[[ Source information, beginning ]]

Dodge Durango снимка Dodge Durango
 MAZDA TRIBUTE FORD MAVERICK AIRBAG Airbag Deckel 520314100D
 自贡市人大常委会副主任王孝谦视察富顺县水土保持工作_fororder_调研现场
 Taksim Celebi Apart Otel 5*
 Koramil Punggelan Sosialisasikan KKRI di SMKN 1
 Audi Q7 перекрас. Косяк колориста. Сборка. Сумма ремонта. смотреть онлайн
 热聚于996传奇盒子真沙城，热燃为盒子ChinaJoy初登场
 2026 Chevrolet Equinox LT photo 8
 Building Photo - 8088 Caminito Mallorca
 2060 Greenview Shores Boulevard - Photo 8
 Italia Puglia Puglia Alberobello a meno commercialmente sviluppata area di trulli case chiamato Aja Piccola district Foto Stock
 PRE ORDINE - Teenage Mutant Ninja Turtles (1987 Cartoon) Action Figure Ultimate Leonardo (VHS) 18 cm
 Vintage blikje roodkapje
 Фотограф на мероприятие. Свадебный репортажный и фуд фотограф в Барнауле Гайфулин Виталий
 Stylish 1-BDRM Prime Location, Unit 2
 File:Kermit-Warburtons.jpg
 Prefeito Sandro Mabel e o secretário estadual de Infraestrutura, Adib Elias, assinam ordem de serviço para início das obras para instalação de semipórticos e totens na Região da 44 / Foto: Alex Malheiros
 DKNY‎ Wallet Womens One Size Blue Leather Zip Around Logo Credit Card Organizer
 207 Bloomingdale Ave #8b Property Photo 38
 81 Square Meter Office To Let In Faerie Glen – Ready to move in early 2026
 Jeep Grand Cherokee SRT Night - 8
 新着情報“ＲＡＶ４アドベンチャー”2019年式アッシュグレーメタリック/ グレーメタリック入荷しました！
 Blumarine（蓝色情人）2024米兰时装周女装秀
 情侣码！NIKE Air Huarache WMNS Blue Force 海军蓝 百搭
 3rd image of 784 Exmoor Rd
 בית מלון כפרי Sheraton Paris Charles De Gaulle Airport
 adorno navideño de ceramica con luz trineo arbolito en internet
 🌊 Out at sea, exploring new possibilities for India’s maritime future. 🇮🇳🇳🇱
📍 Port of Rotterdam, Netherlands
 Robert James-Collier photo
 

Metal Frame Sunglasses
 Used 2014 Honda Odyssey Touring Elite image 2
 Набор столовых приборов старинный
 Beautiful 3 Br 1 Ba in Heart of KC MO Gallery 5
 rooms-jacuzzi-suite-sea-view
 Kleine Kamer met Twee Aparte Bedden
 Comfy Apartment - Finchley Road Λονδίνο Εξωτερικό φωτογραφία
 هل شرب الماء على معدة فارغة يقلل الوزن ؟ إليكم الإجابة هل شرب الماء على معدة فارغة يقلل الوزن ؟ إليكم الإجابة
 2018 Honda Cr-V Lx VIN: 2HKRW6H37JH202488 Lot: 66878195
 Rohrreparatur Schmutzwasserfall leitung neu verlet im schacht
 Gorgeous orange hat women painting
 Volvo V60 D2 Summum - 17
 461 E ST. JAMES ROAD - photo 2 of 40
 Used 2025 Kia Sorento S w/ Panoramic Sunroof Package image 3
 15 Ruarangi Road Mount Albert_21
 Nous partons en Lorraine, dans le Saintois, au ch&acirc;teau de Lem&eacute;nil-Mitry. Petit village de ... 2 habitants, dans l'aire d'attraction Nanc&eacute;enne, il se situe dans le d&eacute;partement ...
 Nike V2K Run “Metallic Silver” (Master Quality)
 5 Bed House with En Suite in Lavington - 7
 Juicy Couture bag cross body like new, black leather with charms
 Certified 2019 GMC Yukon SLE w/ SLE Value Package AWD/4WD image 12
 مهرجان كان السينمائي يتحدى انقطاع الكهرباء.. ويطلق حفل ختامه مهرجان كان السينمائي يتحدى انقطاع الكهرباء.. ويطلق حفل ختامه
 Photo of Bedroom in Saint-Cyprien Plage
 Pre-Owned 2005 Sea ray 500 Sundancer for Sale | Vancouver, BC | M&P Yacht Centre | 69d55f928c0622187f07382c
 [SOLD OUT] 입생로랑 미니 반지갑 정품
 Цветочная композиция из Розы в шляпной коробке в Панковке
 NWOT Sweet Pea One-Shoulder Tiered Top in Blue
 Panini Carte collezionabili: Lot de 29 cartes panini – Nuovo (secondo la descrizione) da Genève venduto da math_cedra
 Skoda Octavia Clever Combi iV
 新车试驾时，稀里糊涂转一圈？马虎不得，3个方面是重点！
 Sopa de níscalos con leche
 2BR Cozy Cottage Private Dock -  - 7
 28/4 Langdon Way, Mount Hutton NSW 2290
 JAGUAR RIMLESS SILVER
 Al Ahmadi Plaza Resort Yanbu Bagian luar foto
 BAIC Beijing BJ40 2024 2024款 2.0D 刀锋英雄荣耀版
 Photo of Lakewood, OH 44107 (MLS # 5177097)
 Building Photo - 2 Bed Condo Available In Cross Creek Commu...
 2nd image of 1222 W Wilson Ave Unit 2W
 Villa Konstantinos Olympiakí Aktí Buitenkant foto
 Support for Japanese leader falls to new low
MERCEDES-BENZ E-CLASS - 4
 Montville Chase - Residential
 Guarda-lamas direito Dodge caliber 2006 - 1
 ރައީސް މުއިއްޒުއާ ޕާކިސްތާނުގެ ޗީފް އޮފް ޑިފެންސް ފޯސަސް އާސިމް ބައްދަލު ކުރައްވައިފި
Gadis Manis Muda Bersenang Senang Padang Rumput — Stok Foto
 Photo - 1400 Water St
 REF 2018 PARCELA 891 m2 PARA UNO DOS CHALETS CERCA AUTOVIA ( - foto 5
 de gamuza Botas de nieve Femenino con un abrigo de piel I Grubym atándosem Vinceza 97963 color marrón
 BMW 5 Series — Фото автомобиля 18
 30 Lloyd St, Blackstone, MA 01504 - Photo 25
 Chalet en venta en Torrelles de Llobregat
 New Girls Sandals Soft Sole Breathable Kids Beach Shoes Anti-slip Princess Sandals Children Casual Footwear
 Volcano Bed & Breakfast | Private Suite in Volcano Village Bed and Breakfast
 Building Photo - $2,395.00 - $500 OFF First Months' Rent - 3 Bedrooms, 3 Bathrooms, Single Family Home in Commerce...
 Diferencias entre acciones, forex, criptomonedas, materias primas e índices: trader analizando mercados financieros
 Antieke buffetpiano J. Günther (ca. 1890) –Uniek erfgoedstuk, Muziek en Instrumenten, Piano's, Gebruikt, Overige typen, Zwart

[[ Source information, end ]]

§ Work task
For each line of the data that has the word "Blue", report that line.

§ Task response
 DKNY‎ Wallet Womens One Size Blue Leather Zip Around Logo Credit Card Organizer
 情侣码！NIKE Air Huarache WMNS Blue Force 海军蓝 百搭
 NWOT Sweet Pea One-Shoulder Tiered Top in Blue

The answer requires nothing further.